■ Your assignment: Every entry, from first to last, is to be written out exactly.

- - -

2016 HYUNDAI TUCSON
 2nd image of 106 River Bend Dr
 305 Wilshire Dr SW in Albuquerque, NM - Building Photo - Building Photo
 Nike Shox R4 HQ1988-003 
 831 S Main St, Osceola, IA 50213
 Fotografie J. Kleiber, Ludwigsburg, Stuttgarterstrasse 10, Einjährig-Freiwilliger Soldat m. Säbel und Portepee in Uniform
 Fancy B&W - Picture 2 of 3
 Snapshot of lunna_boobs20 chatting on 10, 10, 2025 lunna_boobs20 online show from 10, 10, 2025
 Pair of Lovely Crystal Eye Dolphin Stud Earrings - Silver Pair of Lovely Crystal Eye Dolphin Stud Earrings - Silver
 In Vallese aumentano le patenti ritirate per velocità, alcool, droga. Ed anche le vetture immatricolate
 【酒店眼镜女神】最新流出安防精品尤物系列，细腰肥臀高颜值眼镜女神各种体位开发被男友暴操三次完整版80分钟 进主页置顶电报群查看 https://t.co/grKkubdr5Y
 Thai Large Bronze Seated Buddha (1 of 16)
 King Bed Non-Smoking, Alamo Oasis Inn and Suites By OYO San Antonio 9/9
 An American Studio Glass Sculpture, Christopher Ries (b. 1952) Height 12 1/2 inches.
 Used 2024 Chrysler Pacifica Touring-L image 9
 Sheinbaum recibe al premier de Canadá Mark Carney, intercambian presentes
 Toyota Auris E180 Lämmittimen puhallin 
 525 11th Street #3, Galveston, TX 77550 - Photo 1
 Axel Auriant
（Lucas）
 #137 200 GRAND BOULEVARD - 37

- - -

■ Output for this exercise:
2016 HYUNDAI TUCSON
 2nd image of 106 River Bend Dr
 305 Wilshire Dr SW in Albuquerque, NM - Building Photo - Building Photo
 Nike Shox R4 HQ1988-003 
 831 S Main St, Osceola, IA 50213
 Fotografie J. Kleiber, Ludwigsburg, Stuttgarterstrasse 10, Einjährig-Freiwilliger Soldat m. Säbel und Portepee in Uniform
 Fancy B&W - Picture 2 of 3
 Snapshot of lunna_boobs20 chatting on 10, 10, 2025 lunna_boobs20 online show from 10, 10, 2025
 Pair of Lovely Crystal Eye Dolphin Stud Earrings - Silver Pair of Lovely Crystal Eye Dolphin Stud Earrings - Silver
 In Vallese aumentano le patenti ritirate per velocità, alcool, droga. Ed anche le vetture immatricolate
 【酒店眼镜女神】最新流出安防精品尤物系列，细腰肥臀高颜值眼镜女神各种体位开发被男友暴操三次完整版80分钟 进主页置顶电报群查看 https://t.co/grKkubdr5Y
 Thai Large Bronze Seated Buddha (1 of 16)
 King Bed Non-Smoking, Alamo Oasis Inn and Suites By OYO San Antonio 9/9
 An American Studio Glass Sculpture, Christopher Ries (b. 1952) Height 12 1/2 inches.
 Used 2024 Chrysler Pacifica Touring-L image 9
 Sheinbaum recibe al premier de Canadá Mark Carney, intercambian presentes
 Toyota Auris E180 Lämmittimen puhallin 
 525 11th Street #3, Galveston, TX 77550 - Photo 1
 Axel Auriant
（Lucas）
 #137 200 GRAND BOULEVARD - 37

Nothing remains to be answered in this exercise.